Abstract

Background: Pregnancy related non-specific low back pain (PNSLBP) and pelvic girdle pain (PGP) affect almost half of pregnant women, causing substantial disability for some. These diagnoses, which may represent several possible individual or co-occurring conditions, lack the specificity required to guide personalized treatment decisions.
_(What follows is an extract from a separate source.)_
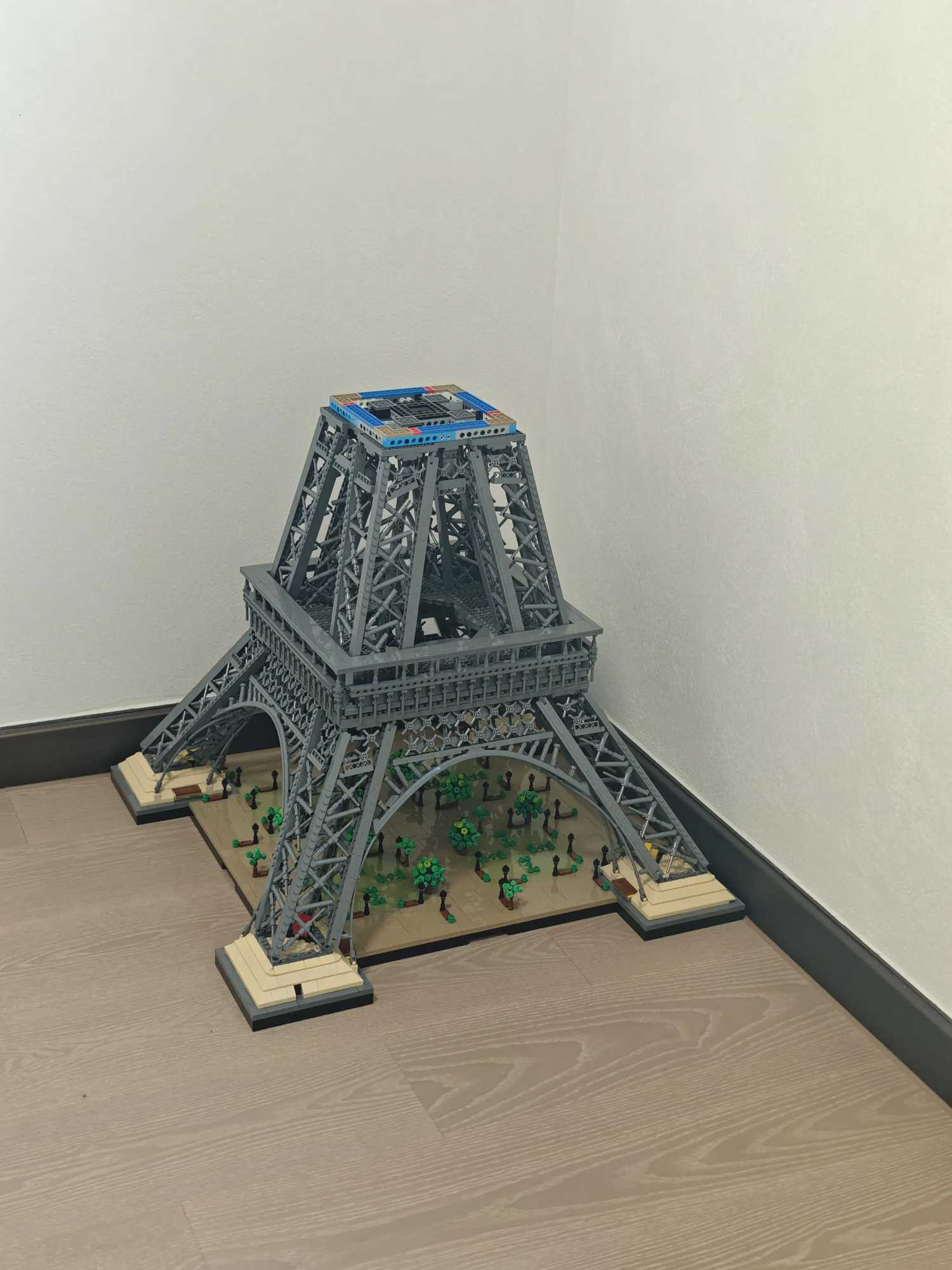 10001 Pcs Large Eiffel Tower Building Blocks Bricks Kids Birthday Christmas Gifts Toy Compatible 10307 In StockT260420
A reliable and valid classification is needed to direct effectiveness research and inform treatment strategies.Objectives: To describe the psychometric properties of pathoanatomic classifications of PNSLBP and PGP as well as to assess the risk of bias of supporting evidence.Methods: Two independent reviewers systematically searched PubMed, Embase, Cochrane and PEDro databases and conducted a manual search of reference list of eligible articles reporting office-based examination for classifying PNSLBP/PGP. QUADAS-2 tool was used to assess the risk of bias and applicability of reviewed studies.Results: Ten studies were eligible. Inter-rater reliability was 87% for PNSLBP and 84.6% for PGP. Major sources of potential bias included the lack of reference standard diagnostic tests, insufficient blinding, non-systematic order of index test application, and unclear participant selection procedures. Patient flow throughout studies and the interval between testing (flow and timing) showed the lowest risk of bias. The applicability of the reference standard had the highest concern, while participant selection and index test had the lowest.Conclusion: Although acceptable inter-rater reliability has been demonstrated, there is no current evidence to support the validity of PNSLBP and PGP classification systems. Future studies should consider including reference standard diagnostic tests, random order sequencing of index tests, rigorous selection criteria, and blinded assessors.